“One of the most brilliant cameramen in Britain … Australian-born” Robert Krasker, BSC in ‘Sight and Sound’ magazine, January 1950, on location in the Dolomites for ‘State Secret’ aka ‘The Great Manhunt’

Sight and Sound magazine, January 1950, page 12, ‘Film in the Making: State Secret’. Robert Krasker, BSC on location in the Dolomites for State Secret aka The Great Manhunt. Image courtesy of Internet Archive at https://archive.org/details/Sight_and_Sound_1950_01_BFI_GB/page/n17/mode/2up

Caption for above photograph, Sight and Sound magazine, January 1950, page 12:

ROBERT KRASKER: 37 years old, Australian born, he is one of the most brilliant cameramen in Britain to-day. He began work as assistant in the Paramount studios in Paris, and later became head of the RKO-British camera department. Since the war he has photographed Henry V, Odd Man Out, Brief Encounter, Uncle Silas and The Third Man. In black-and-white his style is almost immediately distinctive, with its delicately low-keyed, often romantic images; but that he is not merely a mannerist, his beautiful control of colour in Henry V showed, and the simpler, plainer black-and-white technique he is using for State Secret will show again. As well as being one of the most accomplished British cameramen, Krasker is also one of the most untemperamental and modest.
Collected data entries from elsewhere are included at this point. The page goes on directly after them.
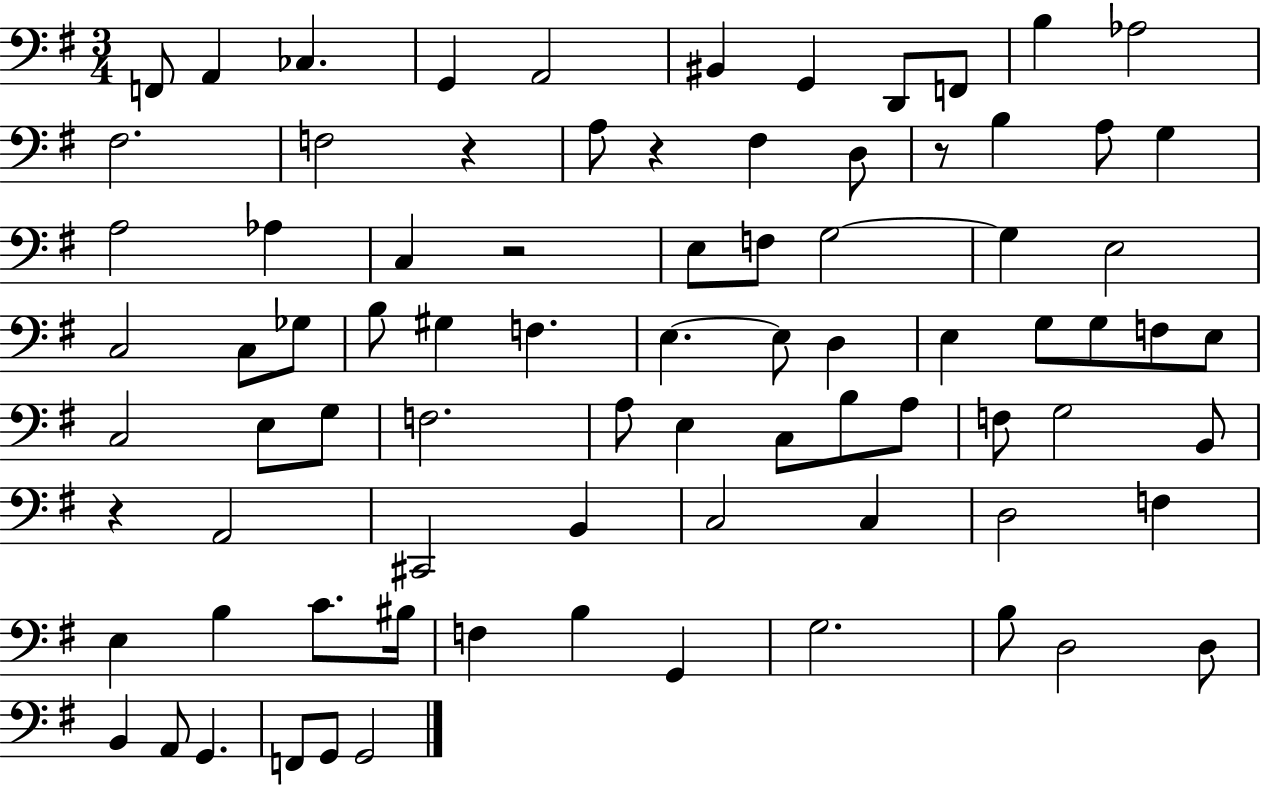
X:1
T:Untitled
M:3/4
L:1/4
K:G
F,,/2 A,, _C, G,, A,,2 ^B,, G,, D,,/2 F,,/2 B, _A,2 ^F,2 F,2 z A,/2 z ^F, D,/2 z/2 B, A,/2 G, A,2 _A, C, z2 E,/2 F,/2 G,2 G, E,2 C,2 C,/2 _G,/2 B,/2 ^G, F, E, E,/2 D, E, G,/2 G,/2 F,/2 E,/2 C,2 E,/2 G,/2 F,2 A,/2 E, C,/2 B,/2 A,/2 F,/2 G,2 B,,/2 z A,,2 ^C,,2 B,, C,2 C, D,2 F, E, B, C/2 ^B,/4 F, B, G,, G,2 B,/2 D,2 D,/2 B,, A,,/2 G,, F,,/2 G,,/2 G,,2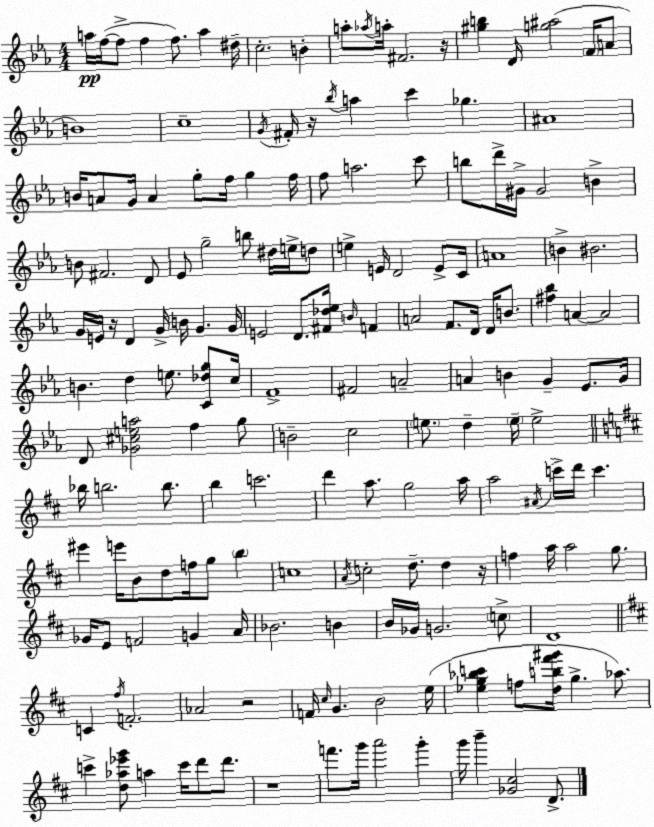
X:1
T:Untitled
M:4/4
L:1/4
K:Eb
a/4 f/4 f/2 f f/2 a ^d/4 c2 B a/2 _a/4 a/4 ^F2 z/4 [^gb] D/4 [g^a]2 F/4 A/2 B4 c4 G/4 ^F/4 z/4 _b/4 a c' _g ^A4 B/4 A/2 G/4 A g/2 f/4 g f/4 f/2 a2 c'/2 b/2 d'/4 ^G/4 ^G2 B B/2 ^F2 D/2 _E/2 g2 b/2 ^d/4 e/4 d/2 e E/4 D2 E/2 C/4 A4 B ^B2 G/4 E/4 z/4 D G/4 B/4 G G/4 E2 D/2 [^F_d_e]/4 B/4 F A2 F/2 D/4 D/4 B/2 [^f_b] A A2 B d e/2 [C_dg]/2 c/4 F4 ^F2 A2 A B G _E/2 G/4 D/2 [_G^cea]2 f g/2 B2 c2 e/2 d e/4 e2 _b/4 b2 b/2 b c'2 d' a/2 g2 a/4 a2 ^A/4 c'/4 d'/4 c' ^e' e'/4 B/2 d/2 f/4 g/2 b c4 A/4 c2 d/2 d z/4 f a/4 a2 g/2 _G/4 E/2 F2 G A/4 _B2 B B/4 _G/4 G2 c/2 D4 C ^f/4 F2 _A2 z2 F/4 ^c/4 G B2 e/4 [_eg_bc'] f/2 [db^f'^g']/4 g _a/2 c' [d_a_e'g']/2 a c'/4 d'/2 d'/2 z4 f'/2 g'/4 a'2 g' g'/4 b' [_G^c]2 D/2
Sight and Sound magazine, January 1950, pages 10-12, ‘Film in the Making: State Secret’:

Further text extracts:

The cameraman on State Secret is Robert Krasker (who photographed Odd Man Out and The Third Man). The chase-shot (opposite) is recognizably Krasker in lighting and composition, but on the whole State Secret offers few opportunities for the ingenious low-key effects which have distinguished his work with Reed in particular; he is employing for the most part an unemphatic, straight-forward style, and finds the picture an exercise in plainer high-key photography. In the studio, I watched the scene of an official Vosnian reception being shot; the set is a banqueting hall, where Government presentations are being made—medals to various dignitaries and an award to the American doctor for his achievements in medical science. (A scene reminiscent of Hitchcock in its combination of ordinariness and undercurrents of tension—the presentation is actually a trick to get the doctor in the hall.)